Он питал особенную нежность к своим друзьям и к тем, кого полагал посвятившими себя Богу; можно сказать, что если никто не был более его достоин любви, то никто и не умел любить и выказывать любовь лучше, чем он. Но нежность его проистекала не только из склада его души; хотя сердце его всегда было готово сострадать всем нуждам его друзей, сострадание его всегда согласовалось с правилами христианства, которые предоставляли ему разум и вера: вот почему его нежность никогда не переходила в глубокую привязанность и не приносила никаких утех.
Никого он не любил больше, чем мою сестру, – и по справедливости. Он часто с ней виделся; он говорил с ней обо всем совершенно откровенно; во всем без исключения она давала ему то, чего он хотел, ибо их мнения совпадали настолько, что они во всем были согласны; два их сердца определенно составляли одно, и они находили друг в друге утешение, которое могут понять лишь те, кому выпадало подобное счастье и кому известно, что значит любить и быть любимым с таким взаимным доверием, без всякого страха раздоров и при полном согласии.

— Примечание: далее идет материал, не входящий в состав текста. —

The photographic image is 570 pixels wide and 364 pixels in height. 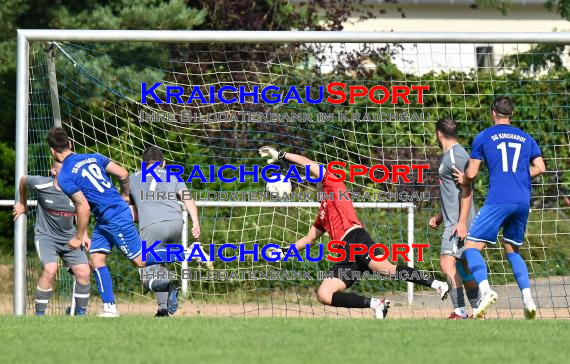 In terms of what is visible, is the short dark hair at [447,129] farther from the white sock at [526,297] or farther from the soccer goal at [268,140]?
the soccer goal at [268,140]

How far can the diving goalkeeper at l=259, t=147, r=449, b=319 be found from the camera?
10.5 metres

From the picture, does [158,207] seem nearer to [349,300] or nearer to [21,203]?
[21,203]

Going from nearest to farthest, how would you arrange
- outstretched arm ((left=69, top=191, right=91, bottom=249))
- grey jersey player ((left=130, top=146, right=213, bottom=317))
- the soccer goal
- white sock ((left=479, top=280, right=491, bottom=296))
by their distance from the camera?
white sock ((left=479, top=280, right=491, bottom=296))
outstretched arm ((left=69, top=191, right=91, bottom=249))
grey jersey player ((left=130, top=146, right=213, bottom=317))
the soccer goal

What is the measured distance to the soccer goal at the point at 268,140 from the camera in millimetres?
13094

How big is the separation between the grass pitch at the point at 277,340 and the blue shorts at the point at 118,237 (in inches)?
48.0

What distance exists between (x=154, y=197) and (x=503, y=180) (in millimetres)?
3393

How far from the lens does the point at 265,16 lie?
2014cm

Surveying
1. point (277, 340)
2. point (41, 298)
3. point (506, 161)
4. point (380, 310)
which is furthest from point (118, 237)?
point (506, 161)

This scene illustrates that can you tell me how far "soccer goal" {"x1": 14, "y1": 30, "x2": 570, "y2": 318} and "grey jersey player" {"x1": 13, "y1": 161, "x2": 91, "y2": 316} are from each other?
5.03 feet

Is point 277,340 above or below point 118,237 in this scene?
below

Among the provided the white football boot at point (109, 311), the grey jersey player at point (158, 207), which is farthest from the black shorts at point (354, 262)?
the white football boot at point (109, 311)

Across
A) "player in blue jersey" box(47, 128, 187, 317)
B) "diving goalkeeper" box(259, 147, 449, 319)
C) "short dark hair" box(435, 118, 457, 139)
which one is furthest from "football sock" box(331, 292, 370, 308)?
"short dark hair" box(435, 118, 457, 139)

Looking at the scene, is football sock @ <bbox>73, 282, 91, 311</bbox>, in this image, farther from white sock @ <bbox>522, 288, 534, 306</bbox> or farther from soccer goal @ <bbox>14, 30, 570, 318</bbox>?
white sock @ <bbox>522, 288, 534, 306</bbox>

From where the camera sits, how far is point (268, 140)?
13.5 m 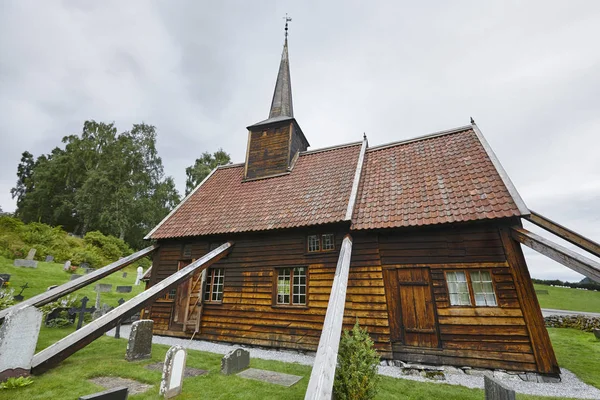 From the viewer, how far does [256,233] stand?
936 cm

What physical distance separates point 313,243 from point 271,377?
4.03 metres

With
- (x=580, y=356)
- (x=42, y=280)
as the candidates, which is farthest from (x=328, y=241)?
(x=42, y=280)

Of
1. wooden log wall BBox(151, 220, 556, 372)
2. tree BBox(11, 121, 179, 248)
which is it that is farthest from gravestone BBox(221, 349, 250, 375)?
tree BBox(11, 121, 179, 248)

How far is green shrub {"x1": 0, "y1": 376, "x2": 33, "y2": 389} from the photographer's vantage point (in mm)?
4266

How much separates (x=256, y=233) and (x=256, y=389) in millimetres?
5089

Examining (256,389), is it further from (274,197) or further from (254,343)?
(274,197)

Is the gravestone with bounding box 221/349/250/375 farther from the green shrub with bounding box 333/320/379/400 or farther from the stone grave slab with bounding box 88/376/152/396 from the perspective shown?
the green shrub with bounding box 333/320/379/400

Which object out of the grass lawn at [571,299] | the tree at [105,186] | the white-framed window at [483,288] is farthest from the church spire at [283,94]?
the tree at [105,186]

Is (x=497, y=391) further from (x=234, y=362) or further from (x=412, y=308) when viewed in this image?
(x=234, y=362)

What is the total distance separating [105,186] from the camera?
3244cm

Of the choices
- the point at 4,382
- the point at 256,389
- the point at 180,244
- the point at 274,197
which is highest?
the point at 274,197

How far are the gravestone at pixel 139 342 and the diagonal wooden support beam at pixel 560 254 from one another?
32.0ft

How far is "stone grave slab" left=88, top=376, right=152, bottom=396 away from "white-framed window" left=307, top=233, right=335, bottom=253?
5.32m

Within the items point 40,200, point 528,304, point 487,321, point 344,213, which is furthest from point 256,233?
point 40,200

И однако по смерти моей сестры, случившейся за десять месяцев до его кончины, когда он узнал эту новость, то сказал только одно: «Да пошлет нам Бог милость умереть столь же христианской смертью!» И впоследствии он говорил нам лишь о милостях, которые посылал ей Бог при жизни, и об обстоятельствах и времени ее смерти; и возносясь сердцем к небесам, где, он надеялся, она пребывала в блаженстве, он говорил нам с каким-то восторгом: «Блаженны умирающие, и умирающие во Господе». А когда он видел мою скорбь (я действительно очень горевала из-за этой утраты), то огорчался и говорил, что это нехорошо и что не следует испытывать такие чувства по смерти праведников, но что, напротив, мы должны возносить Богу хвалы за то, что Он так скоро вознаградил ту скромную службу, которую она для Него несла.
Так он показывал, что любил без привязанности, и мы имели тому еще одно доказательство. Когда умер мой отец, несомненно вызывавший у него все чувства, которые благодарный сын обязан питать к столь любящему отцу, из письма, написанного им по случаю отцовской кончины, видно, что если природа и была задета, то разум быстро взял верх, и что, взирая на это событие в лучах веры, душа его умилялась, но не для того, чтобы оплакивать отца, утраченного на земле, но чтобы созерцать его в Иисусе Христе, в Котором он обретал его на небесах.
Он различал два вида любви, чувствительную и разумную, полагая, что первая не слишком полезна в мирской жизни. Он говорил также, что достоинства тут ни при чем и что порядочные люди должны ценить лишь разумную любовь, которая, по его мнению, состоит в том, чтобы принимать участие во всем, что случается с нашими друзьями, всеми способами, какими разум велит нам это делать, жертвуя своим именем, удобствами, свободой и самой жизнью, если повод того достоин, и достоин несомненно, если мы этим служим другу во имя Бога, Который должен быть единственным предметом любви для всех христиан.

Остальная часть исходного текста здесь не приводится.